More annoyances: there’s the classic press ‘X’ to pick up ammo. Not that Lynch bends down to pick it up, too much effort on the animation front there. Having to ask to pick up money or ammo – as if you wouldn’t want either – is a major gripe in any game, having to do it without the character even acknowledging you’ve gone to all the effort of tapping ‘X’ is unforgivable. Dog Days is already about as dumb as it gets – there’s a dead-wife scene ala Gears of Wars 2 to ratify that claim – so I’m not going to hold it against the lads if they have a magic power that makes ammo jump into their pockets should they be within a meter radius of it.
But more puzzling than any of the abundantly featured missteps plaguing this awful game is IO’s decision to completely eschew the fact that there is a Kane and there is a Lynch. Two of them. The only time it verges on being a worthwhile co-operative experience is when the sniper rifle is available and one player can cover the other.

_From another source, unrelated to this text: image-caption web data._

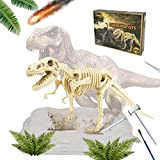 LiRiQi Kit di Scavo di Tyrannosaurus Rex, DIY Kit Scavo Dinosauri, Modello di Scheletro di Dinosauro 3D, Giocattolo Educativo, con ...
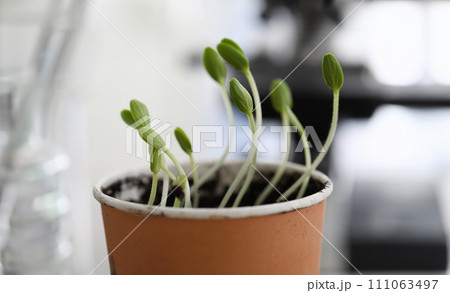 Close-up young green sprouts grow in clay pot 111063497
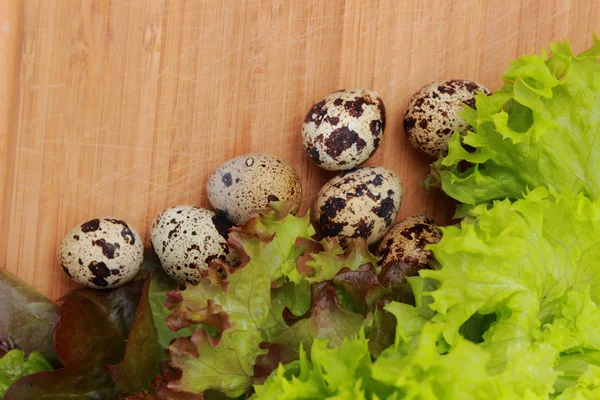 Eco eggs — Stock Photo, Image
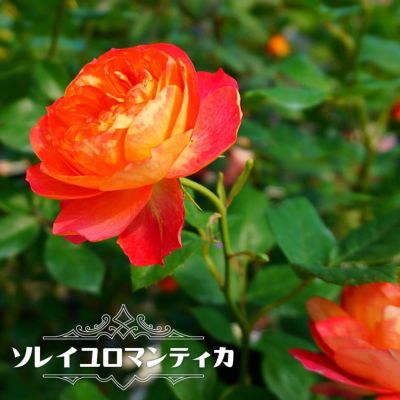 とげが少ないバラ | 苗木部 本店 By 花ひろばオンライン
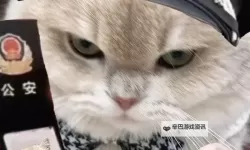 主人，求您关掉开关吧：一段心怀叮咛的温情时刻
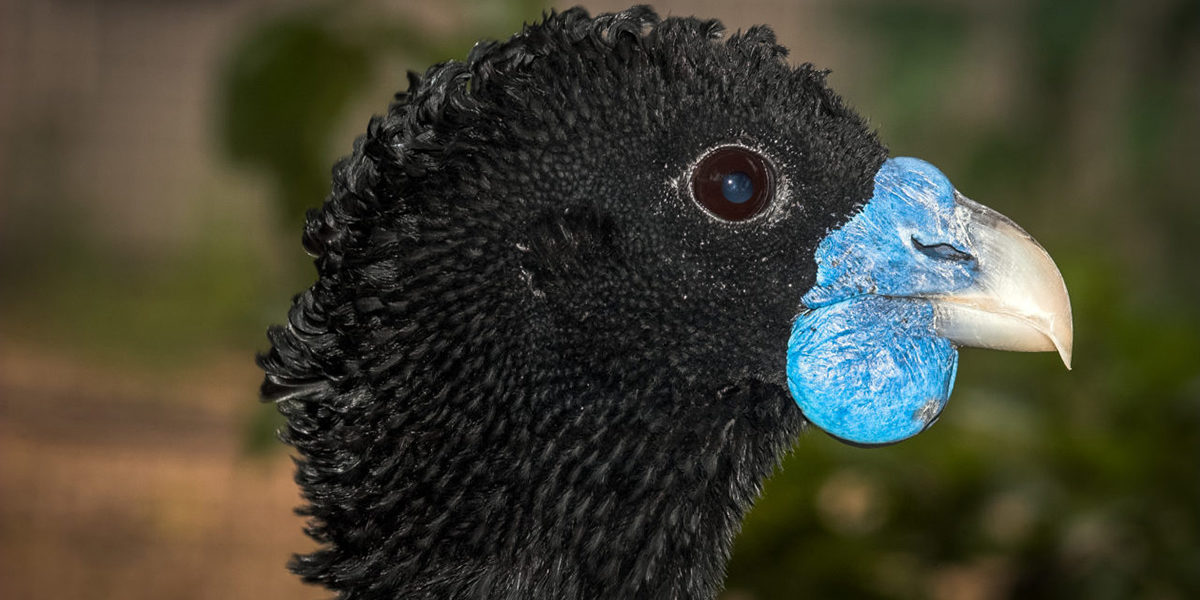 Blue-billed-Curassow-web Blue Billed Curassow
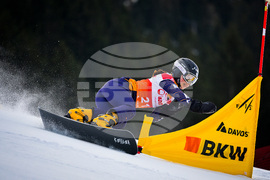 Switzerland Snowboarding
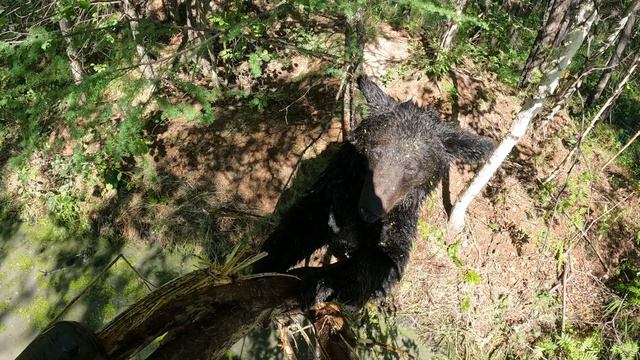 Новый больной эксперимент. смотреть онлайн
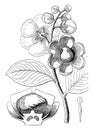 Botany, branch, bud, flower, leaves vintage illustration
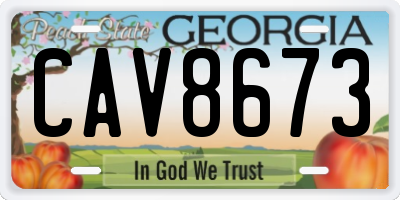 GA license plate CAV8673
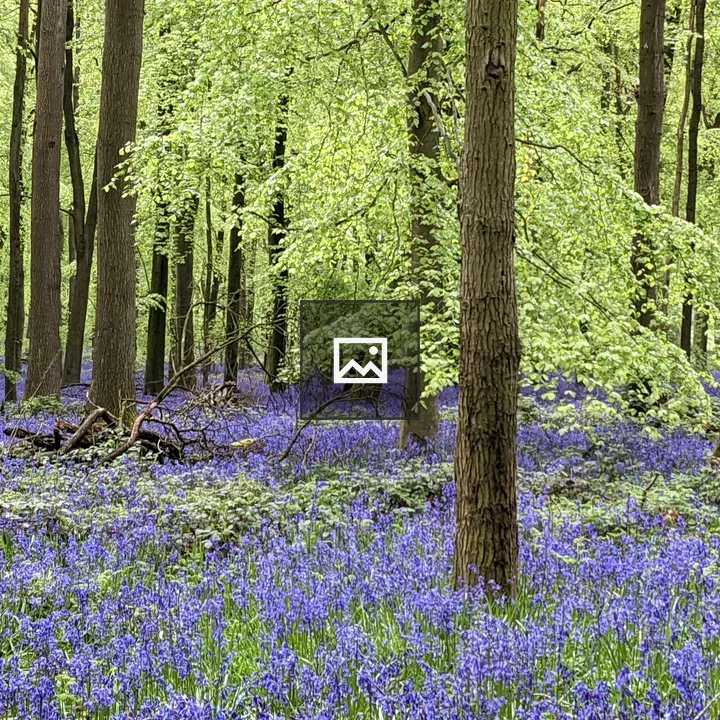 Bluebells in a Hertfordshire Field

Besides that there is literally nothing to suggest this is any better played with a buddy. Even playing alone, Kane may as well not be there. The banter between the lads is mindless hoo-hah and the levels have been designed to be as monotonous and linear as possible.
And to rub salt in the already seething wound there’s a shop hidden away in one of the generic Shanghai streets with none other than Hitman games lining the shelves. What should be an amiable reminder of a studio’s pedigree is, instead, a brief moment spent weeping for the lost souls: Agent 47, the freedom fighters.
Five-hour campaign aside there’s also a multiplayer component. As bank robbers you and up to 7 others fight your way into what looks like a bank safe, take a share of what looks like money and then try and escape. Or you wait for what look like your teammates to take all the money, run to the end of the level and then kill them and steal all the money. Obviously as soon as you start shooting them they’re going to return the favour and there’s also what kind of looks like the police – but might just be angry bankers with guns – to consider so if you murder your buddies you’ll have to fight your way out alone. It’s a funny premise for about ten minutes and then, when you realise it plays effortlessly into the hands of Xbox Live’s most cretinous denizens, it’s annoying instead.
But maybe that’s a fitting match. Kane and Lynch seek trouble, they find it and then they commit small genocide trying to flee the sleazy lair of the Shanghai beast that they awoke for no given reason. At the end you’re left with nothing but the bare bones of a sterile, tasteless and forgettable third person shooter.